● **Instructions for the task**: Exactly reproduce the data from its first line through the line with "91国产自拍视频高清在线播放体验全新私密享受", leaving out every line after it.

● **Given information**:

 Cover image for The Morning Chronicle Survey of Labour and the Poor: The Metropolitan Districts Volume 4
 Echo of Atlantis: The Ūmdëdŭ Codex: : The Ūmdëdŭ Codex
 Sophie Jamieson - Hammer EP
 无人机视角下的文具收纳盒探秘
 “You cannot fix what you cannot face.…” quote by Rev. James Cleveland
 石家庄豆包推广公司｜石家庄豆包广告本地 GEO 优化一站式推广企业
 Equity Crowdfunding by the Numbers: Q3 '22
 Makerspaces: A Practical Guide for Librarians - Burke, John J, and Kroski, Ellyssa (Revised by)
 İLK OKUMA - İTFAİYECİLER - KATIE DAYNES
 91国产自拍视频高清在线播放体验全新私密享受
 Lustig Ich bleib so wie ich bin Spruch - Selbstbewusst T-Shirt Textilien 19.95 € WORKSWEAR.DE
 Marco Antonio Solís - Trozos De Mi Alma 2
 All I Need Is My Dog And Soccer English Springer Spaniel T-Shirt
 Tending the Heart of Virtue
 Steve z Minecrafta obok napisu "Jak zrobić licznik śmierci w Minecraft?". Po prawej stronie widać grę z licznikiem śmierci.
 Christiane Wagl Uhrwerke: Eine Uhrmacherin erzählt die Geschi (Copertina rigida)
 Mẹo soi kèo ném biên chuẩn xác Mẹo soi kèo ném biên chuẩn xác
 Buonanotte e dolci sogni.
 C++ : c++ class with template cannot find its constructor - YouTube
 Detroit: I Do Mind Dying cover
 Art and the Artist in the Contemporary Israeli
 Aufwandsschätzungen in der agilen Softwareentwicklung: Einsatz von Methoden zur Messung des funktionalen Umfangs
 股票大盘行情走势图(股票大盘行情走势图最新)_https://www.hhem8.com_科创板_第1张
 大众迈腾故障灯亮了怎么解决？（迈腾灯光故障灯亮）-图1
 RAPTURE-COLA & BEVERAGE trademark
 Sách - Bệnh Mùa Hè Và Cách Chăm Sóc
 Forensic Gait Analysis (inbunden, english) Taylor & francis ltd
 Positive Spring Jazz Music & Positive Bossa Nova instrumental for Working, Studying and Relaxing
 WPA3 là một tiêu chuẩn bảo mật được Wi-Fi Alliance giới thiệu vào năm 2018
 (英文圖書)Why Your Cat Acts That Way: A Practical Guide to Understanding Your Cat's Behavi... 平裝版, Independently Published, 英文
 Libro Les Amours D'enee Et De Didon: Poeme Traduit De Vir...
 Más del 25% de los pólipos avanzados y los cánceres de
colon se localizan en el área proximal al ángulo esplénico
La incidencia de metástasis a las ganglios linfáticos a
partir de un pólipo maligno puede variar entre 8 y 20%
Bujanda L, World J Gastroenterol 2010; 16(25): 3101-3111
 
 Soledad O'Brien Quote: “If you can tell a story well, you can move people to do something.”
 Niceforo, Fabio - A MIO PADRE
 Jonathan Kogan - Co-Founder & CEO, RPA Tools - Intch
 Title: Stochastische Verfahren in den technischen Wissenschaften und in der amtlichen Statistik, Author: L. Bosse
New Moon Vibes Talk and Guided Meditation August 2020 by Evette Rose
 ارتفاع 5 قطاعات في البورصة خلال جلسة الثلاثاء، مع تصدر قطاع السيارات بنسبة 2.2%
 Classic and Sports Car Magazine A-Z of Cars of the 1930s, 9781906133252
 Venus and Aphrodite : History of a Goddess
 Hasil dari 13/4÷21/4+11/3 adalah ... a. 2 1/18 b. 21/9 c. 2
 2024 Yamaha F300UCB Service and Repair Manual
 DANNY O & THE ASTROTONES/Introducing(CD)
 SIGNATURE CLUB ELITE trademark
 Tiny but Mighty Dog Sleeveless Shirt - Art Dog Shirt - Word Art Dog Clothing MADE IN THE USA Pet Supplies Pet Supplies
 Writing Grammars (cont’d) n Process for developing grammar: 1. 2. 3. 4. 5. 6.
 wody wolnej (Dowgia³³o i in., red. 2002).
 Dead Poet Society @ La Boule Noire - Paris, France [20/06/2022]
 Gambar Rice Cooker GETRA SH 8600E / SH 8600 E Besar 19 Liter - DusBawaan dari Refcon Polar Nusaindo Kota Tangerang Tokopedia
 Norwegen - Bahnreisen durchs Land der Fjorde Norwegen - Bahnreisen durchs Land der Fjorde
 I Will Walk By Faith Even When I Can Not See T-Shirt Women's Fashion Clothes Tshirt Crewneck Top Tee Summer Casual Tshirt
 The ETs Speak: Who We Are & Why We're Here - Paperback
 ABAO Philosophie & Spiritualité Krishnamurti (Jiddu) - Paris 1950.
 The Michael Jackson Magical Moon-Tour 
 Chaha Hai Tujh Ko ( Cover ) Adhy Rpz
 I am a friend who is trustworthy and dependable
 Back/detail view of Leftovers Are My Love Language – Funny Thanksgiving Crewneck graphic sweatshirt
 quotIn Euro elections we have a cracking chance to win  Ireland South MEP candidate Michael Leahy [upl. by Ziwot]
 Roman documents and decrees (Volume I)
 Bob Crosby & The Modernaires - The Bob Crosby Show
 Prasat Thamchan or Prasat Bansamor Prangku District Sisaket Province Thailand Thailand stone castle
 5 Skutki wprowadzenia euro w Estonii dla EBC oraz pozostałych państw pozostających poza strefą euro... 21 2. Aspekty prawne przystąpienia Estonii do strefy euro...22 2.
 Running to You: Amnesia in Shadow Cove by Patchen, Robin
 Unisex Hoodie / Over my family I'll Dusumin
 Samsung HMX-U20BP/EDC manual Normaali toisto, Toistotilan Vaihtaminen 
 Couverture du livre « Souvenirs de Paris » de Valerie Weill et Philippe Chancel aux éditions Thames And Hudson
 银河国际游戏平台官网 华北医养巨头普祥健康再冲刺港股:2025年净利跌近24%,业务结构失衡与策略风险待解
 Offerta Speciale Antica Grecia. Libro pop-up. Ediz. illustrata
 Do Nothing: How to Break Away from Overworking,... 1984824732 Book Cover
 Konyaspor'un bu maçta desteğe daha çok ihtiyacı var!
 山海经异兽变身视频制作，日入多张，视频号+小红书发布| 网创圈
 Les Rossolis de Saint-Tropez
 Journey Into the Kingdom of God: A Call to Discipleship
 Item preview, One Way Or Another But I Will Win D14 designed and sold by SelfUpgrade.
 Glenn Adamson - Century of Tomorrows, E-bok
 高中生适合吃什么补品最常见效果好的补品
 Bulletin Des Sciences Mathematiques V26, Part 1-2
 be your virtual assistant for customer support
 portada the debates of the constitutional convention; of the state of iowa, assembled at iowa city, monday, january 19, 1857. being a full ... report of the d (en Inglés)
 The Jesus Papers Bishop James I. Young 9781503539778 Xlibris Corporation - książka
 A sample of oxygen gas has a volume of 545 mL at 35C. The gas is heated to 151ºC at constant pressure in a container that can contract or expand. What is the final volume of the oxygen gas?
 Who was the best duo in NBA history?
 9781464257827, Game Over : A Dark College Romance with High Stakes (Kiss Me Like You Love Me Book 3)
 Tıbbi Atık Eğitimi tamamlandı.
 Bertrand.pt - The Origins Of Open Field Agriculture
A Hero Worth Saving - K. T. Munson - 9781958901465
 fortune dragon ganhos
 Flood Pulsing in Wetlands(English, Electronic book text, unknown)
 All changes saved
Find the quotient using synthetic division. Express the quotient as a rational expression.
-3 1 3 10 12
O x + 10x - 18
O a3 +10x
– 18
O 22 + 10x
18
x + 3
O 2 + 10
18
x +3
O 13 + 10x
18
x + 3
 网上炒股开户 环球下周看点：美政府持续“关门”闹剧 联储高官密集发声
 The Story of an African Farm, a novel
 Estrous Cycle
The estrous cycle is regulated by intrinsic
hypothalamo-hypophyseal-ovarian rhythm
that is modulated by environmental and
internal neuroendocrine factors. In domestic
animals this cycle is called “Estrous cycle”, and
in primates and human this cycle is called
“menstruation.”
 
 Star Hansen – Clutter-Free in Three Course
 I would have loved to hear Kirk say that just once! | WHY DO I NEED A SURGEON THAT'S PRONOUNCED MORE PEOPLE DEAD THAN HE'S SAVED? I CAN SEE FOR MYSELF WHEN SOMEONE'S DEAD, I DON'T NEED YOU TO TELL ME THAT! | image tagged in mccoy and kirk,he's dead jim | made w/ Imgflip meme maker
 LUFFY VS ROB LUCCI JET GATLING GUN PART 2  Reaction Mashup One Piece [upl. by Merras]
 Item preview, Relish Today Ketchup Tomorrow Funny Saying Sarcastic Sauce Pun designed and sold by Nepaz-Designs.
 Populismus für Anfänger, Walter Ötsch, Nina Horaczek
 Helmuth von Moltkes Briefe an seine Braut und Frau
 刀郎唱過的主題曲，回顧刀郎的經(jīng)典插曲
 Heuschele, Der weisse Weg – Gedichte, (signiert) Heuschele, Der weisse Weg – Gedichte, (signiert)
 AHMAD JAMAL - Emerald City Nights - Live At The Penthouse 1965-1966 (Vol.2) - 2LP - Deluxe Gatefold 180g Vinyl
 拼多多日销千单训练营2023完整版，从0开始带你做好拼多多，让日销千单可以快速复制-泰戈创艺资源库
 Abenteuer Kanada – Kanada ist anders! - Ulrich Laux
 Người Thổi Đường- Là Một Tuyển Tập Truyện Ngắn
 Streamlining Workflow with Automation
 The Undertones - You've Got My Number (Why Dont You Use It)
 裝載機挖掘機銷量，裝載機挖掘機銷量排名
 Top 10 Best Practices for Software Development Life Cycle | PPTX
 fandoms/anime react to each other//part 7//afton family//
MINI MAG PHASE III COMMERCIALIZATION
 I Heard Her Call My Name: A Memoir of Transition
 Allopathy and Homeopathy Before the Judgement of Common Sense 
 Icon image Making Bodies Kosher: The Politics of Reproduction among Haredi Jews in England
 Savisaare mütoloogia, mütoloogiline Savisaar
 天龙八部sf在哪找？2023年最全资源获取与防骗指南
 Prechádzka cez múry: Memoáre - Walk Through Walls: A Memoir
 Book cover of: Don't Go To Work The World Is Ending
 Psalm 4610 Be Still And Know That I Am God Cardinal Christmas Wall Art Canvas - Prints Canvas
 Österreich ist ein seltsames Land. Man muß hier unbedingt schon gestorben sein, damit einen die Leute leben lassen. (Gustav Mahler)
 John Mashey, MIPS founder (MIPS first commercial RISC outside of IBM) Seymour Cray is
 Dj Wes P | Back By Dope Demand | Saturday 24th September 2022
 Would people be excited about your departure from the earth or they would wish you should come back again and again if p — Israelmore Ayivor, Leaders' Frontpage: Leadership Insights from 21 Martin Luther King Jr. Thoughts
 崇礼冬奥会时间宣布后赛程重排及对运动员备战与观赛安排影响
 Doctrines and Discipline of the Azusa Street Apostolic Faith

● **Result of the task**:
 Cover image for The Morning Chronicle Survey of Labour and the Poor: The Metropolitan Districts Volume 4
 Echo of Atlantis: The Ūmdëdŭ Codex: : The Ūmdëdŭ Codex
 Sophie Jamieson - Hammer EP
 无人机视角下的文具收纳盒探秘
 “You cannot fix what you cannot face.…” quote by Rev. James Cleveland
 石家庄豆包推广公司｜石家庄豆包广告本地 GEO 优化一站式推广企业
 Equity Crowdfunding by the Numbers: Q3 '22
 Makerspaces: A Practical Guide for Librarians - Burke, John J, and Kroski, Ellyssa (Revised by)
 İLK OKUMA - İTFAİYECİLER - KATIE DAYNES
 91国产自拍视频高清在线播放体验全新私密享受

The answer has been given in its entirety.